Une conclusion navrante

Sa fin en forme de prévision annonce déjà qu’il entend aller à l’affrontement sur tous les sujets et fort de son élection et de sa majorité ne renoncer à rien.

« Il y aura de l’imprévu, de l’opposition, des moments difficiles, mais nous ne laisserons pas ces aléas nous décourager. Devant chaque difficulté nous ne baisserons pas les bras, nous en reviendrons à l’essentiel et nous y puiserons une énergie plus grande encore.  »

Et de finir dans une envolée lyrique à l’intérêt aussi faible sur le fond que sur la forme :

« En chacun de nous il y a un cynique qui sommeille.
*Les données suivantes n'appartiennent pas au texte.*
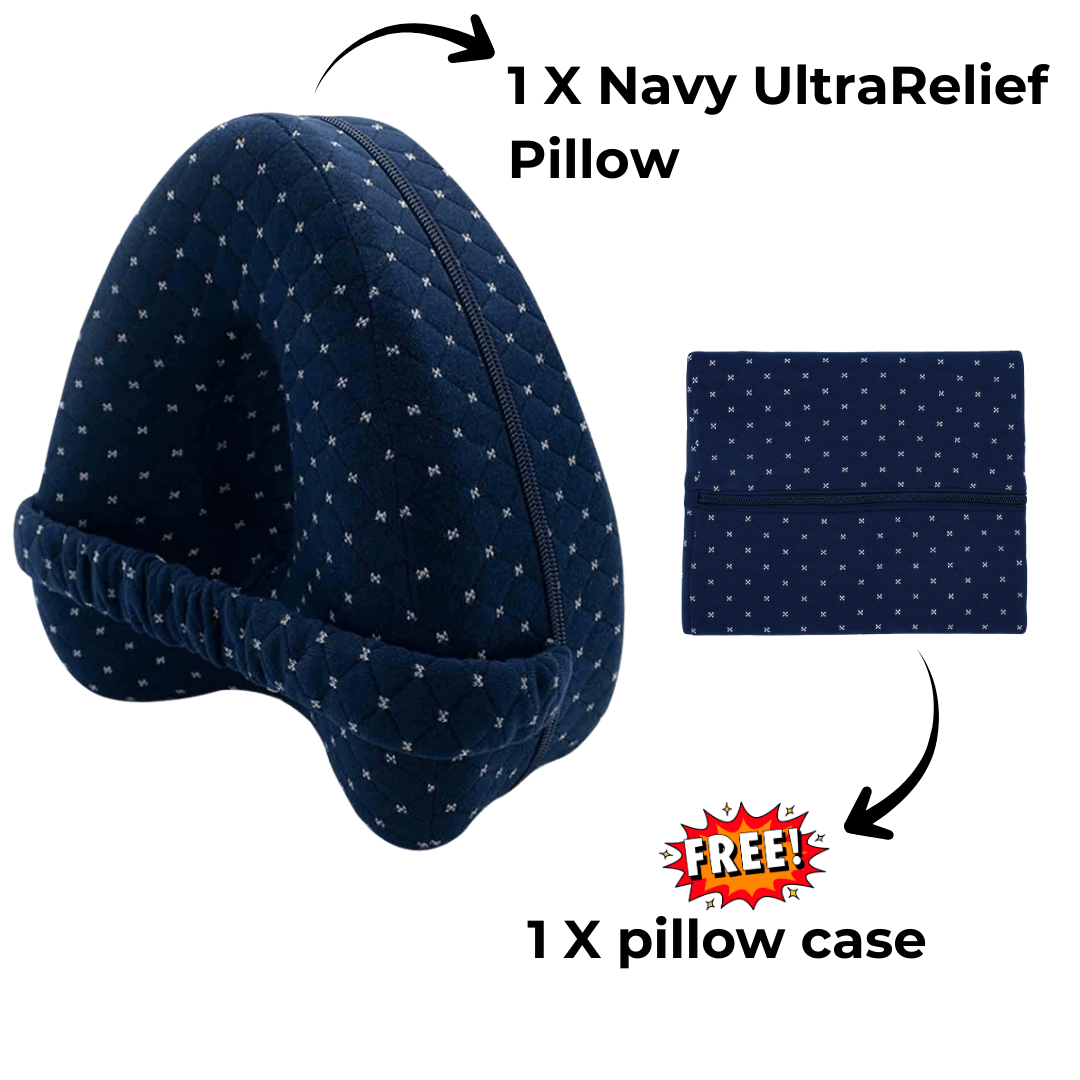 UltraRelief Pillow — Ultimate Comfort and Support for Restful Sleep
Et c’est en chacun de nous qu’il faut le faire taire, jour après jour. Et cela se verra. Alors nous serons crus. Alors nous rendrons le service que le peuple français attend de nous. Alors nous resterons fidèles à cette promesse de nos commencements, cette promesse que nous tiendrons parce qu’elle est la plus grande, la plus belle qui soit : faire à l’homme, enfin, un pays digne de lui. »

Pendant que le président s’écoutait, deux cents communistes s’étaient réuni à l’extérieur pour dénoncer son mépris des institutions, probablement qu’ils n’ont pas réussi à faire taire les cyniques qui sommeillent.